Supplied data ▸
# # #
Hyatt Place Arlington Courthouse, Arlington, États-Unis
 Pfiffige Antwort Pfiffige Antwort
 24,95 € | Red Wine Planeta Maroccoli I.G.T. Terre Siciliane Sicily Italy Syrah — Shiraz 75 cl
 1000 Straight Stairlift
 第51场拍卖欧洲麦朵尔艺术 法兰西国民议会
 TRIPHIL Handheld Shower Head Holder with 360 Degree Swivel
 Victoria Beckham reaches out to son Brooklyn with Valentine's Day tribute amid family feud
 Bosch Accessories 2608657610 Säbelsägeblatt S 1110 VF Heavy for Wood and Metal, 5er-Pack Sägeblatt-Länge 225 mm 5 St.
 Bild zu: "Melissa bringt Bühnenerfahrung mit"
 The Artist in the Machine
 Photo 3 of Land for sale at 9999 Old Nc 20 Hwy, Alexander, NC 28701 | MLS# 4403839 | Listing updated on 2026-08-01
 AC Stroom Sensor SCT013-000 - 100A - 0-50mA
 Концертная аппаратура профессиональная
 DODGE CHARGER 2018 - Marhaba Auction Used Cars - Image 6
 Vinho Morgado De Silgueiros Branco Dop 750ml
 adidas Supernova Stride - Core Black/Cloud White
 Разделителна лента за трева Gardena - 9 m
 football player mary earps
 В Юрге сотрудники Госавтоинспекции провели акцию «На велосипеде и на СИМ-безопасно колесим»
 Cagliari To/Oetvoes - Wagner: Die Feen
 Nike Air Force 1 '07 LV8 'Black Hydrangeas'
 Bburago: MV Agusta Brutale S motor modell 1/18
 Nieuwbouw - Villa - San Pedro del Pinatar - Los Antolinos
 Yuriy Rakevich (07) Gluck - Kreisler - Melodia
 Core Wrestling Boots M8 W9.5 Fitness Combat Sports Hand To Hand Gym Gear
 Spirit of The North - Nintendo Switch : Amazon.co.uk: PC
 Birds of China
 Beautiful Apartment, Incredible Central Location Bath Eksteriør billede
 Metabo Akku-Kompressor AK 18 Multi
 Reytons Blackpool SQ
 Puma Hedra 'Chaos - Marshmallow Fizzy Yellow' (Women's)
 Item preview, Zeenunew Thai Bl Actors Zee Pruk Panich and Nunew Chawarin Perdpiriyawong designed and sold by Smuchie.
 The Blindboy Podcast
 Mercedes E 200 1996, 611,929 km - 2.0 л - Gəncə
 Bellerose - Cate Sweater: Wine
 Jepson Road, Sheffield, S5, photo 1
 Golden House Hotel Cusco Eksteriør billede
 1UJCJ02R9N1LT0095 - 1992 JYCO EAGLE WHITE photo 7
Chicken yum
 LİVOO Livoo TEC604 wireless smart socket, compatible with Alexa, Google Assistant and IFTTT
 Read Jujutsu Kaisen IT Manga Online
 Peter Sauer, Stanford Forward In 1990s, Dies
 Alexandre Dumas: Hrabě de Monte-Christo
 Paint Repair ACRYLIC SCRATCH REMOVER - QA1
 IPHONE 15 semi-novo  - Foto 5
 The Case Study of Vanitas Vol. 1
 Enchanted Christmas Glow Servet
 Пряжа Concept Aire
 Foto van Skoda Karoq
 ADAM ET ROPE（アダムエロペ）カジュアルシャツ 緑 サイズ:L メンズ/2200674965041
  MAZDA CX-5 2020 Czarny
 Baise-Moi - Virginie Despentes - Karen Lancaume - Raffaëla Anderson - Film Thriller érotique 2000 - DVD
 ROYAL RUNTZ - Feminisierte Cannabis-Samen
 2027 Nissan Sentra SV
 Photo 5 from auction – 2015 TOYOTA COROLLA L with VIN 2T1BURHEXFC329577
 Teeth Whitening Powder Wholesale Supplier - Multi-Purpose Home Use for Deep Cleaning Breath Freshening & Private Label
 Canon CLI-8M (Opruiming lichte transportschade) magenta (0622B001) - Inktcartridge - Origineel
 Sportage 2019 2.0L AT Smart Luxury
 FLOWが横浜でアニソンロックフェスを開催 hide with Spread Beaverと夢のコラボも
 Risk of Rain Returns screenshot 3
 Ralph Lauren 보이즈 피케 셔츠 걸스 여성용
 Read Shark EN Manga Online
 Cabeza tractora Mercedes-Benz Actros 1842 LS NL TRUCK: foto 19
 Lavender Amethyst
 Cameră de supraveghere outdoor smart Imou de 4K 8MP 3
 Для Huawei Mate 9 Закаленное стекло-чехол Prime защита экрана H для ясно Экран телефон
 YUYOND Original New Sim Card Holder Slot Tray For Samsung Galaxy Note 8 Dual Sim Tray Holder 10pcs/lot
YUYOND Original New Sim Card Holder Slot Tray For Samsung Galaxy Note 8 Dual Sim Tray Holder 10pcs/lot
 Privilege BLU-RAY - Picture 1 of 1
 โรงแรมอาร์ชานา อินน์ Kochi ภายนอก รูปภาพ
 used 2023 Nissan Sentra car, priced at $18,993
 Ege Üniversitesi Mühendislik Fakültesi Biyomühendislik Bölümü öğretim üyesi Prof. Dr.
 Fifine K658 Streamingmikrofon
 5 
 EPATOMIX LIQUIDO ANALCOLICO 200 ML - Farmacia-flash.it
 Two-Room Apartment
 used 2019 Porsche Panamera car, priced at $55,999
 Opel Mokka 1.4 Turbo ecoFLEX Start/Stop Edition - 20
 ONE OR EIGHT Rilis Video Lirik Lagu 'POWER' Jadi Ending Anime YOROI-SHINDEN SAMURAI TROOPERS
# # #
What to do ▸ Using the entries above, determine how many lines include the string "with" and write only that number.

Written response ▸ 5